The new appointments came as France's main conservative party splintered under the impact of Macron's sudden rise to presidential and parliamentary power, and the seismic shift it has caused continues to reverberate around French politics.
Businesswoman Florence Parly, who worked previously in a Socialist government and for major French transport companies, was named defence minister, and law expert Nicole Belloubet was nominated justice minister, replacing two of the departed.
Jacques Mezard moved from the Agriculture Ministry to the territorial planning ministry vacated by Macron's right-hand man Richard Ferrand earlier this week. Macron loyalist Stephane Travert took over the agriculture portfolio.
Macron's reshuffle, tapping more people from the non-political world, reflects the profile of many of his newly elected members of parliament.
It also keeps a fragile balance of people from left, right and centre and has one more women than men.
The reshuffle came after a group of ministers from an affiliated centrist party, MoDem, resigned over allegations the party misused European parliamentary funds.
Those who departed the justice and defence ministries were, respectively, Francois Bayrou, MoDem party leader, and Sylvie Goulard - who had been seen as a key plank of Macron's plan for closer ties with Germany.
Bayrou, a Macron ally since endorsing his centrist bid for the presidency in February, said he quit to protect the government from the scandal that has engulfed him.
"I will stand by the president and faithfully support him with a political and personal understanding that is dear to me," Bayrou told journalists.
His centre-right party is embroiled in a judicial probe into claims it misused EU parliamentary funds, and its importance as a Macron ally waned after his Republic on the Move (LREM) party won a big majority in Sunday's parliamentary election. The majority is so large that Macron does not need MoDem to get planned pro-business labour reforms through parliament.
Earlier on Wednesday his camp was in upbeat mood.
"It simplifies things," government spokesman Christophe Castaner said on Europe 1 radio. "We have a majority after Sunday's big win and we have the wherewithal to govern. So now it's time to get to work."
MoDem's departure, however, risks unbalancing Macron's carefully crafted government of the left, right and centre, which broke with convention as he extended his support base.
But in a further sign of how Macron has dismantled France's traditional left-right divide, a lawmaker from the main conservative Republicans party said he was forming a splinter group that would back the president on some reforms.

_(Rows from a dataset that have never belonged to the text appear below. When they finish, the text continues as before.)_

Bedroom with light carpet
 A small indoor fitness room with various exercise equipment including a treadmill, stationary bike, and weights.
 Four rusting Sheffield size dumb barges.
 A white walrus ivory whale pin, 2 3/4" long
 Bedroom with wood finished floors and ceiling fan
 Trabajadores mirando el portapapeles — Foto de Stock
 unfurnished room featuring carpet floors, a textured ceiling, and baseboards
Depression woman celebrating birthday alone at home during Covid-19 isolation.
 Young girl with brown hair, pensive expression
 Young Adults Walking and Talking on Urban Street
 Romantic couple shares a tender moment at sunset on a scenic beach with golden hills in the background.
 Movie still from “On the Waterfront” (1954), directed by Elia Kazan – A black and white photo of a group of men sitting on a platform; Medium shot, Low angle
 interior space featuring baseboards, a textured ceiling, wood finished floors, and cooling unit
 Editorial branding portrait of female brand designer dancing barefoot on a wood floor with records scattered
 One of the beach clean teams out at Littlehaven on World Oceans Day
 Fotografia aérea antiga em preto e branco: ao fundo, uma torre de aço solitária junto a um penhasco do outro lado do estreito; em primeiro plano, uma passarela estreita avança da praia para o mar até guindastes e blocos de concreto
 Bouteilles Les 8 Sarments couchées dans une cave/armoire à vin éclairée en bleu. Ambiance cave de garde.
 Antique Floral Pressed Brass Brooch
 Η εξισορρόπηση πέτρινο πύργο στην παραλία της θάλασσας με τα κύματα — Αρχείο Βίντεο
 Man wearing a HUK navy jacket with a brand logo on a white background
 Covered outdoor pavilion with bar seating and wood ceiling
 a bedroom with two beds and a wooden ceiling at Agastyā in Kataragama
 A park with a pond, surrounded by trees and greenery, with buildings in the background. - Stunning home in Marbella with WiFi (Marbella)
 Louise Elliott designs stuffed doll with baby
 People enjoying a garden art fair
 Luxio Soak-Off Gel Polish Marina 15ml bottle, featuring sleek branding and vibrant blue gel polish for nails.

"We're working on the creation of ... a new force in parliament," Thierry Solere told reporters, adding that the roughly 40-strong group would include Republicans and legislators from the Union of Democrats and Independents.
Macron's LREM won 308 seats in the 577-strong National Assembly on Sunday, while MoDem gained 42.
Goulard, a European expert well known in Brussels and Berlin, had emphasised her pro-EU push and desire to work towards greater defence integration.
"No other French politician knew how to talk to the Germans in quite the same way. With her goes the hope of more integration in the defence sector. At least for now," said Britain-based think-tank Eurointelligence.